Ever wonder at the difference between locusts and grasshoppers? I did, so I asked ( Turns out, not much. Physically, you can't tell them apart. Locusts are known for having a swarming phase, usually distinct morphologically. Many locusts are now known to be just the swarming phase of a previously presumed different species. And some grasshopper species sometime engage in gregarious (swarming) behavior.

So far, no swarming. Lucky me.

The Eyes Have It

While a single candle provides only a feeble flame, an array of a half dozen provides plenty of light for dining. Plus, candles conserve battery power and aren't nearly as attractive to annoying insects as electric lights. We were about to sit down to a candlelight dinner when I saw that one of the candles had gone out. Going to re-light it, I noticed a large leaf sitting on the sand bottom of my improvised candle holder, so I reached in to pluck it out.

It turned out to be a large moth that had flown in (now my prime suspect as flame snuffer) and had probably exhausted itself trying to escape. This enabled me to handle it easily while Diane snapped a couple photos. The large false eyespots are normally hidden under the upper wings, and in it's resting pose the moth is well camouflaged (leading me to think it a leaf). But if disturbed by a predator, it need only spread its wings to reveal a pair of large menacing eyes, startling any would-be predator into believing that it may be about to become prey to a much larger beast, causing it to flee.

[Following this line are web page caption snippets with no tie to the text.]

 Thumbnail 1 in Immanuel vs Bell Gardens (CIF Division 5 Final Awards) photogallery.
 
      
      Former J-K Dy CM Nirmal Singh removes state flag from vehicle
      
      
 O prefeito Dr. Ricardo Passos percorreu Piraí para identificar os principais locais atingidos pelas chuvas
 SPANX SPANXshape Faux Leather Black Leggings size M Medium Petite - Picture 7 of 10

According to my trusty Mariposas de Costa Rica, my startling specimen was probably Automeris metzli, in the Saturniidae family. False eyespots are not all that uncommon in moths, especially among the Saturnids; although eyespots as large and distinctive as these are truly extraordinary. Interestingly, no sign of the deep dark spot is visible on the underside of the wing. And the upper wing, camouflaged to appear like a leaf when folded, has an eyespot on its underside (though not nearly as spectacular as the lower wing eyespot depicted in the photo).

And now, back to dining by candlelight...

Saturday, August 1, 2009

Arachnid Peek-a-boo

Charismatic megafauna get all the attention. You know, panda bears and their ilk; cuddly with big brown eyes and human-like traits. They're the poster children of wildlife conservation. Here on the Osa, monkeys and such fill the bill. Or macaws; big and colorful, squabbling raucously like a quarrelsome old couple, they even form life-long pair bonds. Biologists have a word for critters that embody a collection of human-endearing characteristics: fubsy.

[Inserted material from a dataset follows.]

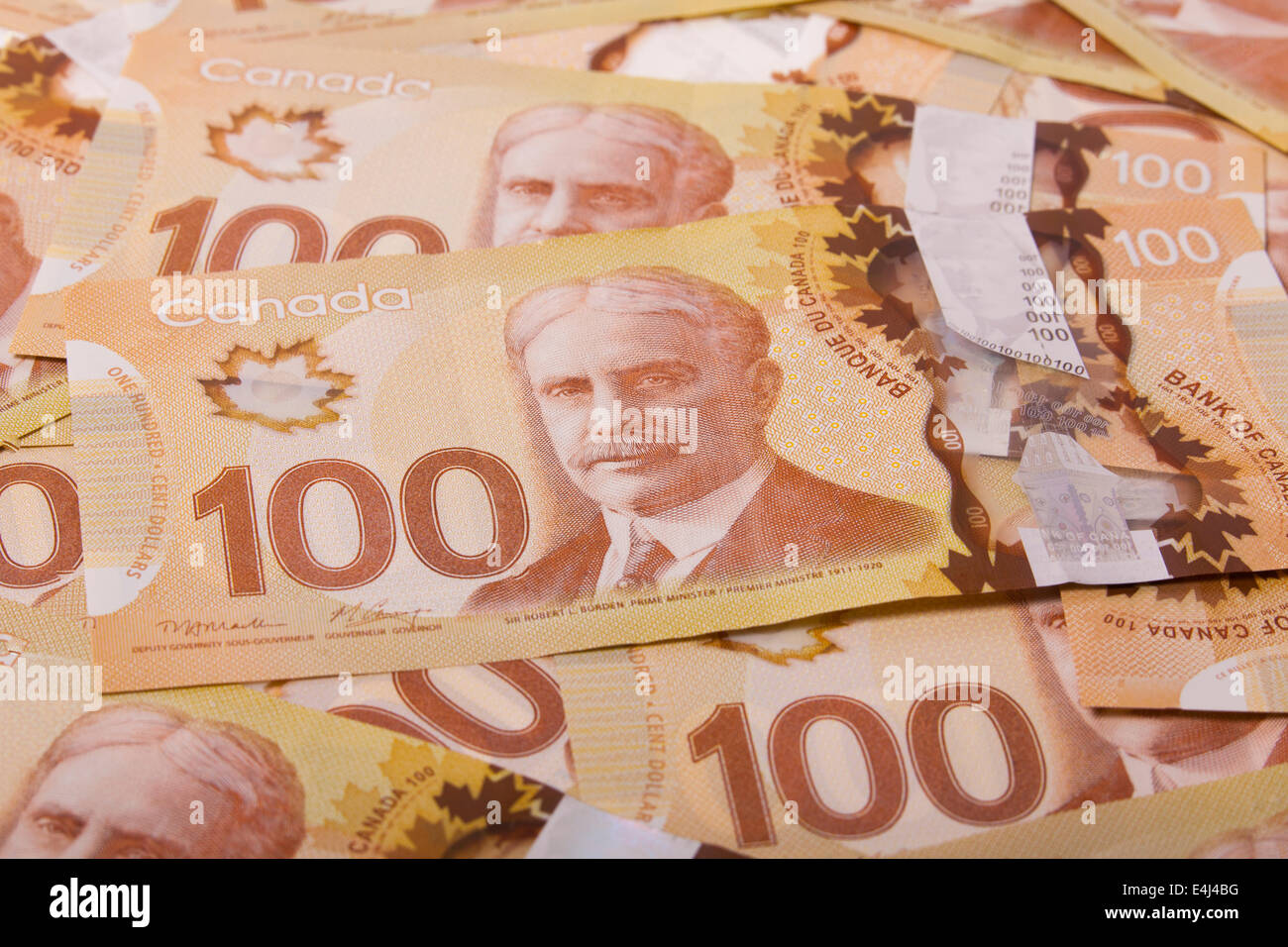 Image aléatoire de 100 dollar bills Banque D'Images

Spiders are not fubsy. But they are no less interesting for the lack. They inspire phobic fits in many, which is understandable since most are venomous, some spectacularly so. But they are best known for their unique method of hunting: the web with which they ensnare their prey (later to deliver the coup de grace--a toxic bite).

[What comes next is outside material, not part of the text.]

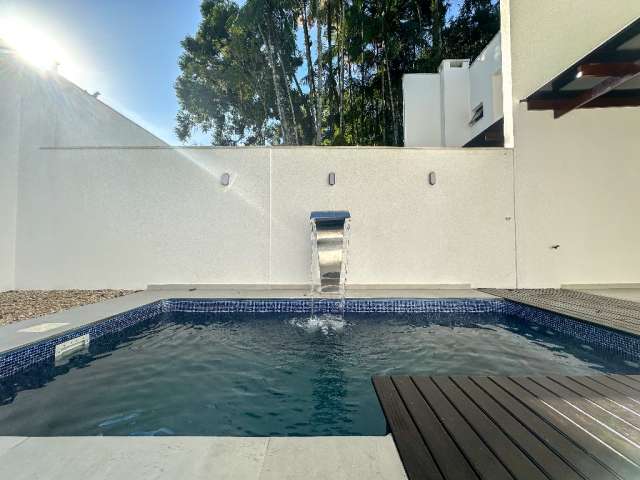 Lindo sobrado com 3 suítes + piscina à venda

The Golden Orb Weaver (so called because of the color of its spider silk) is big, up to 3 inches across or more, and beautiful, with jewel-like dots and patterns. They're also prodigious web builders, capable of throwing up an astonishing amount of spider silk, literally overnight. Which is why you want to keep a weather eye out for webs on morning jungle jaunts.

When hiking the trail early one morning, I immediately knew I'd walked into a web. Stop, back up, and kind of corkscrew yourself away from anchoring vegetation, raising your arms and shaking your hands to lift the threads and shake them off. Clear of the hazard, I continued on my way, quickly forgetting the incident.

Imagine my astonishment when, 15 minutes later, the owner of the forgotten web decided to rappel off the bill of my cap and position himself an inch in front of my right eye. Yikes!